Few potential residents have an idea of what living in the business district would be like.
But developers who have invested time and millions of dollars on uncharted residential territory are crafting messages they hope will be persuasive: The buildings are "luxurious" and "urban" with "high ceilings" and "24-hour" fitness and business centers "within walking distance" of everything.
At least 14 buildings have been completed, are under construction or are planned. Each has its own campaign, but all are targeting the same pool of young professionals, students and empty-nesters to fill thousands of units -- most leasing for at least $1,000 a month.
"We usually try and get Web sites up a few months before a building opens, and we have pretty nice brochures. ... We are cultivating our relationships with human resources departments at major employers downtown," said David Hillman, whose Southern Management Co. converted the former Hecht's department store on Howard Street and a 1920s office building on St. Paul Place.

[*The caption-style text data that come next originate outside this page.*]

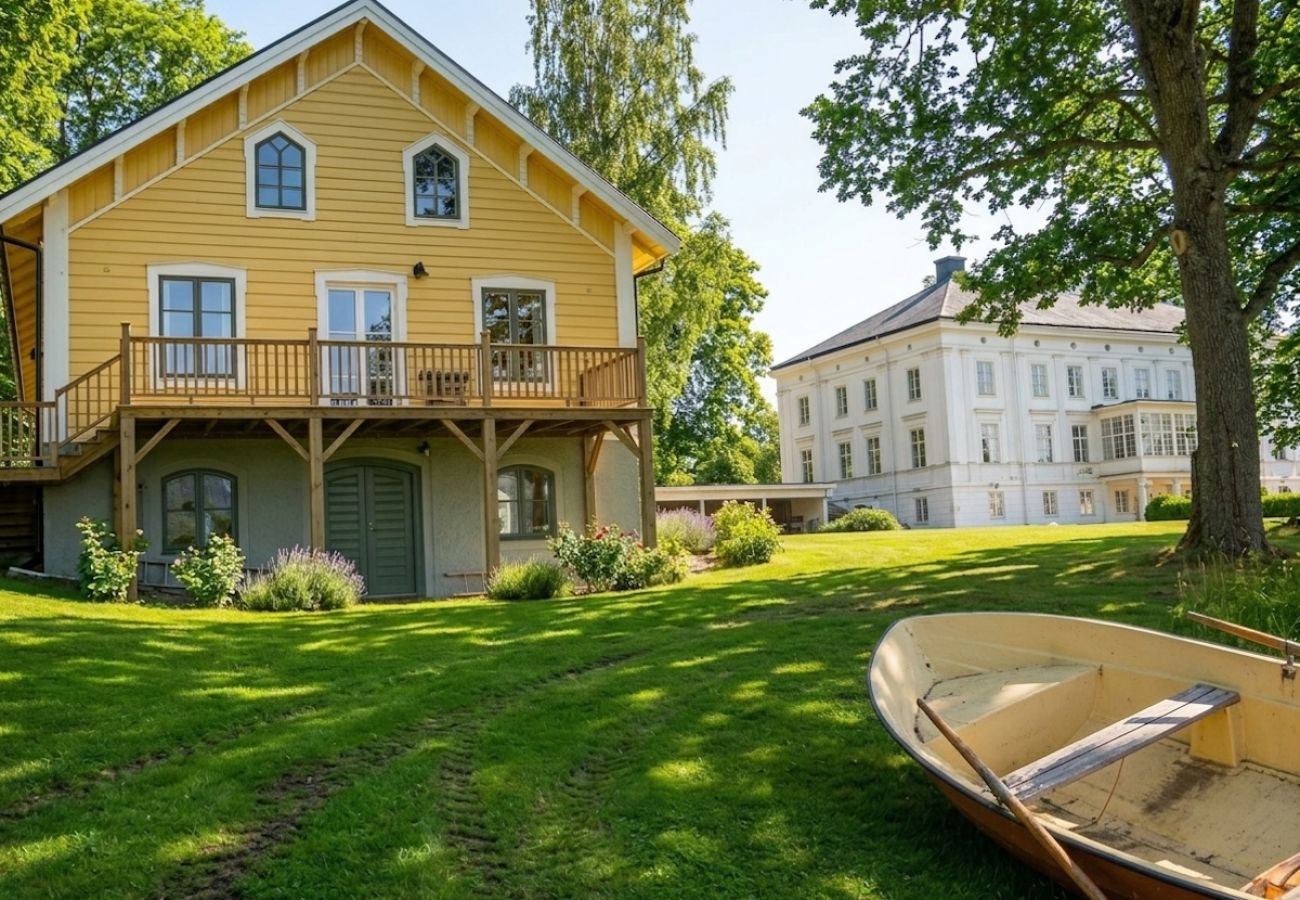 Ferienhaus in Norsholm - Urlaub am See Roxen, Motala Ström und Göta Kanal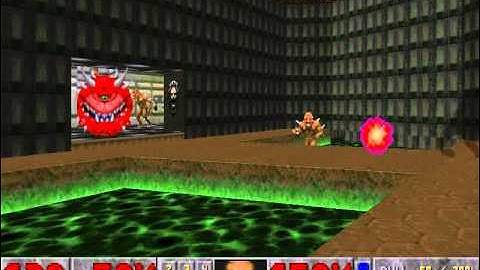 Doom: Pandemonium (E3M3) - UV-Max in 2:12 by Archy
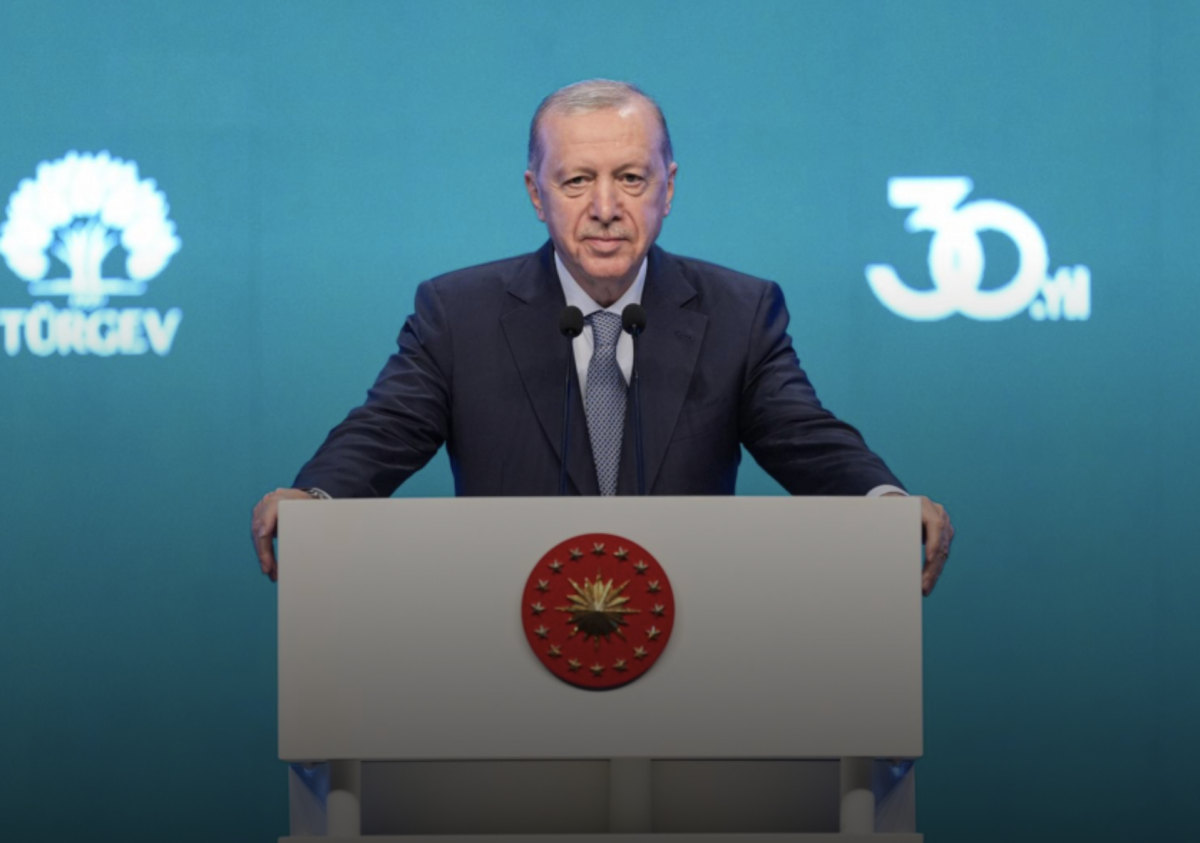 Cumhurbaşkanı Erdoğan, TÜRGEV’in 30. Kuruluş Yıl Dönümü Programı‘nda Konuştu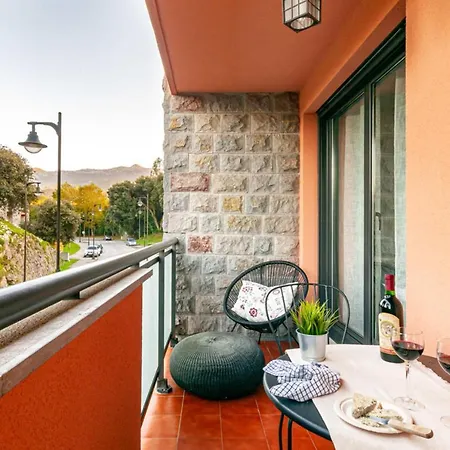 Apartamento Centro Con Piscina, Terraza Y Wifi Apartamento Llanes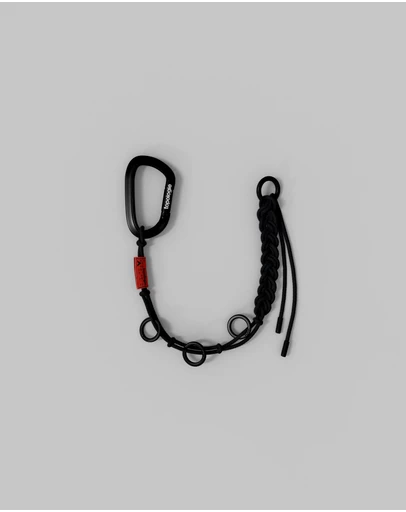 Topologie - Braided Keychain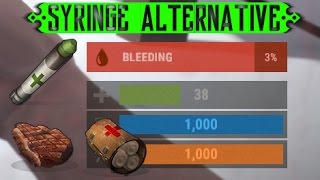 Rust Medical Syringe Alternative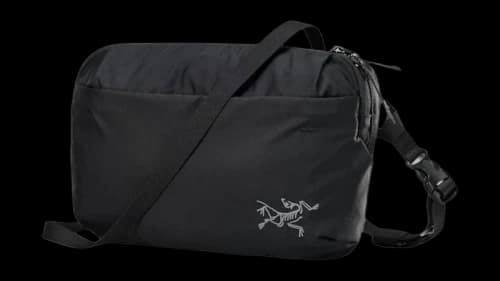 Arc'teryx Heliad 6 Crossbody Bag Black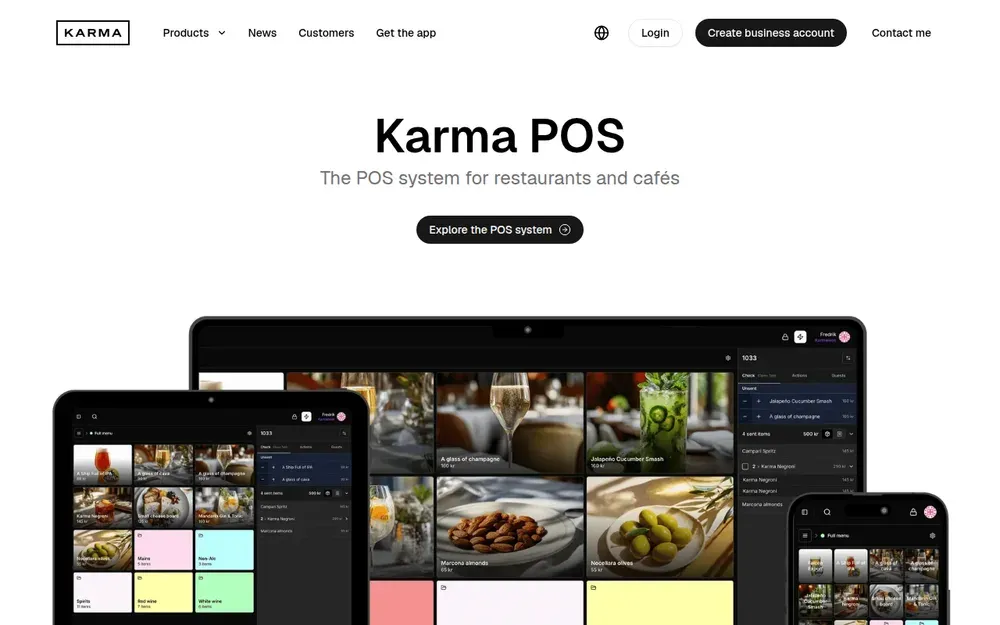 Karma — Restaurants and cafés sell their leftover meals at a discount before closing.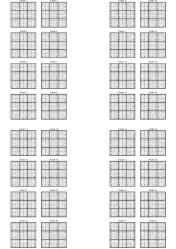 Çok Zor Sudoku Kitap Seti (1000 Sudoku – 2 Kitap)
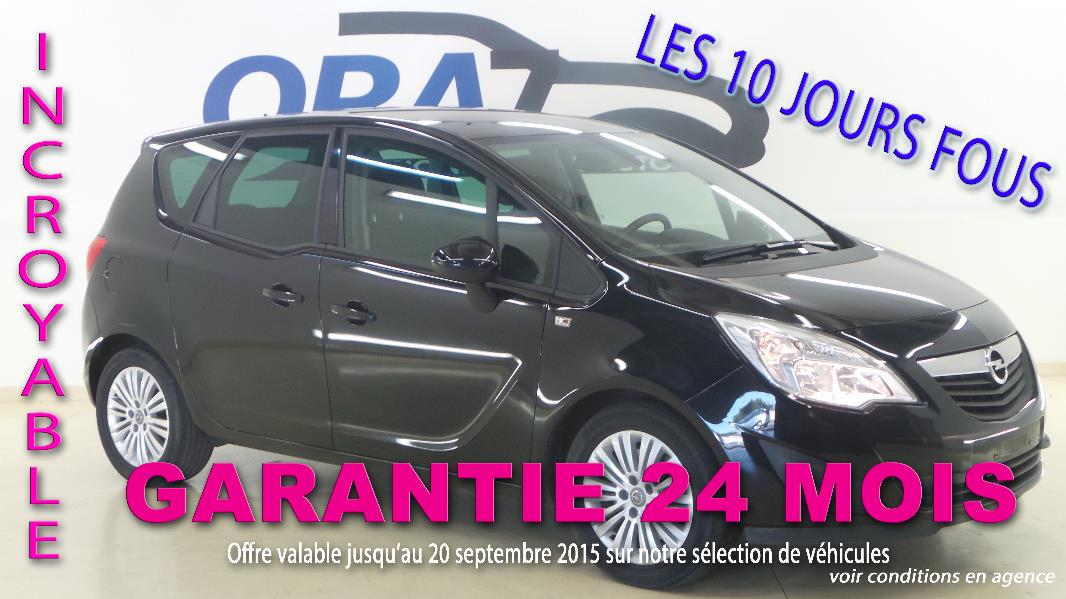 OPEL MERIVA 1.7 CDTI110 FAP COSMO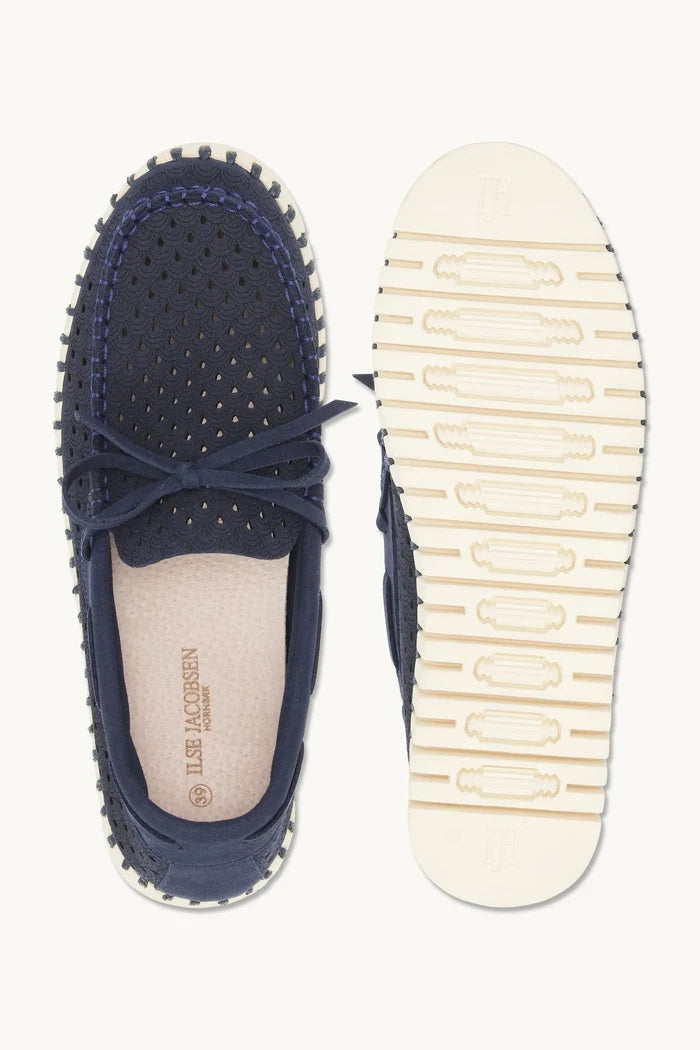 Tulip Sailor Shoe - Dark-Indigo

As in other cities seeking to attract residents downtown, the buildings will compete for people who are considering buying a house instead of renting because of historically low interest rates. They will confront a weak employment market, especially for the young college graduates they court.
And they will battle the perception that people work, but do not live, downtown.
"By and large, the general population thinks downtown is a 9-to-5 office park," said Robert Aydukovic, who tracks apartment development for the Downtown Partnership, a business advocacy group. "It seems like a daunting task to figure out who to market to, but our studies tell us the market segments."
The largest target is young professionals and students 18 to 35 years old. They are followed by empty-nesters looking to trade large suburban homes and lawns for an urban lifestyle. There ise also a small number of families with high incomes and children in private school.
Aydukovic said downtown's employment pool of about 100,000 alone could produce renters for the new apartments, which will total less than 5,000 units if all those planned are built. He also expects people moving from out of town for work to fill some apartments.
Not all people want to buy a house, he said. They want to be in the center of the action, walk to work and have the landlord fix things.
But no one knows how deep the stream of renters runs. That may prompt the next wave of developers and their lenders to wait for demand to catch up with supply, Aydukovic said.
The downtown market is still relatively small, he said. Six buildings from the harbor to Mount Vernon began leasing recently, adding more than 750 units to about 3,300 existing rental units downtown.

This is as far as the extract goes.